* [Information supplied]
Start of Block

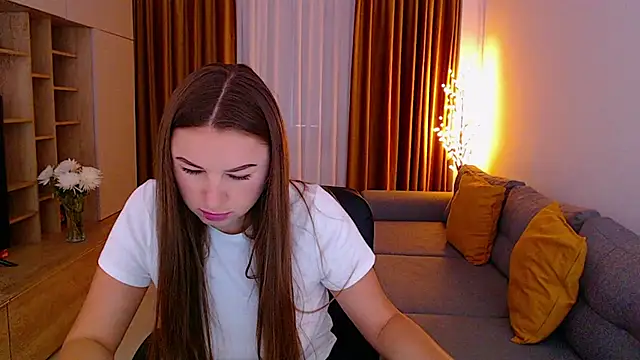 Snapshot of _Mia_Adams chatting on 8, 10, 2025 Mia Adams online show from 8, 10, 2025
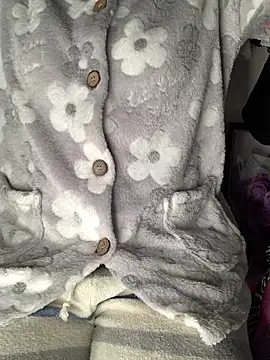 PINO pino 01 online show from March 26, 2026, 5:18 pm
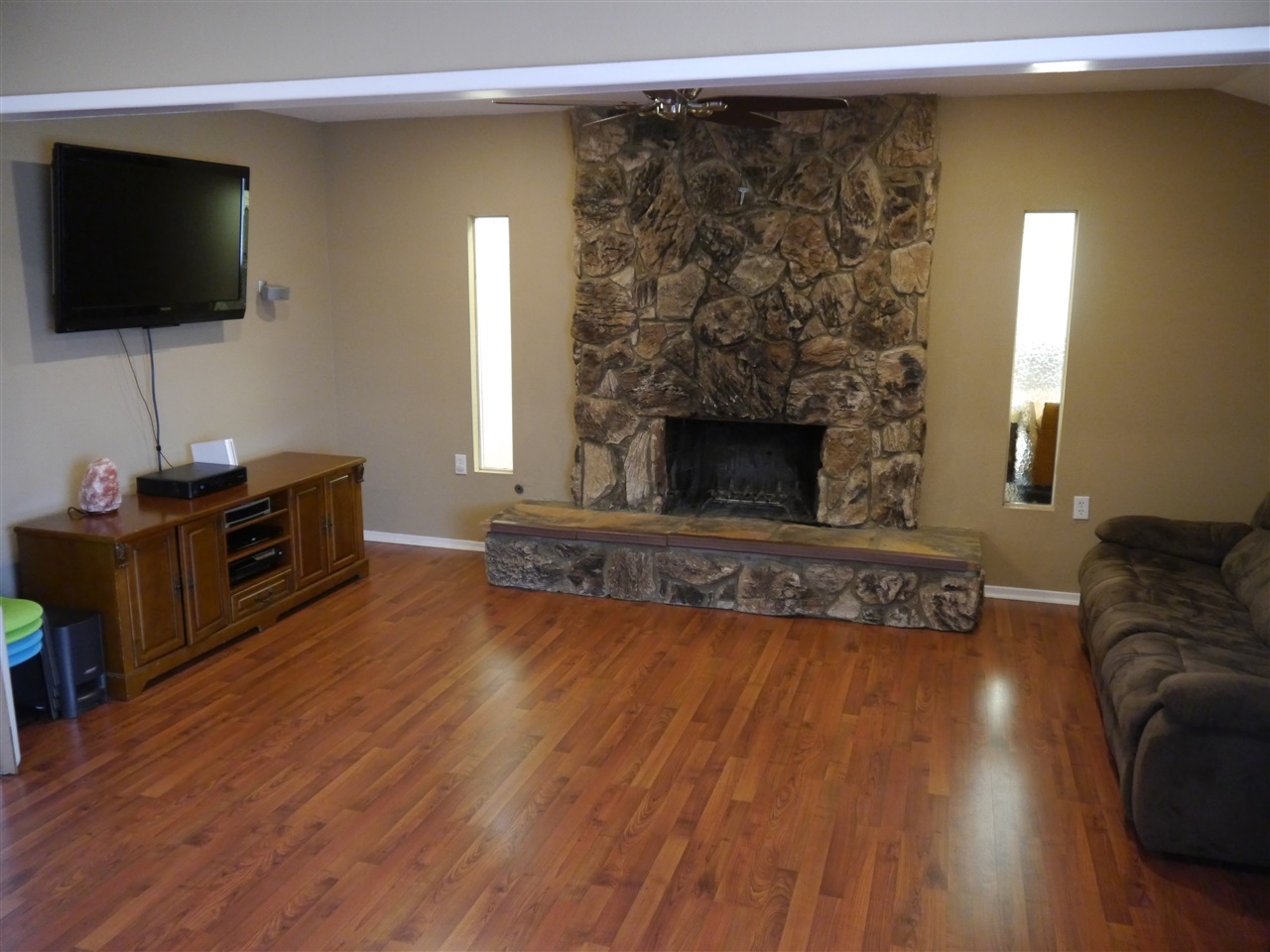 3055 Murray Ridge Road San Diego, CA 92123 - Photo 5 of 25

End of Block

Except for the pictures, write the data out exactly.

* [Solution for this problem]
 Snapshot of _Mia_Adams chatting on 8, 10, 2025 Mia Adams online show from 8, 10, 2025
 PINO pino 01 online show from March 26, 2026, 5:18 pm
 3055 Murray Ridge Road San Diego, CA 92123 - Photo 5 of 25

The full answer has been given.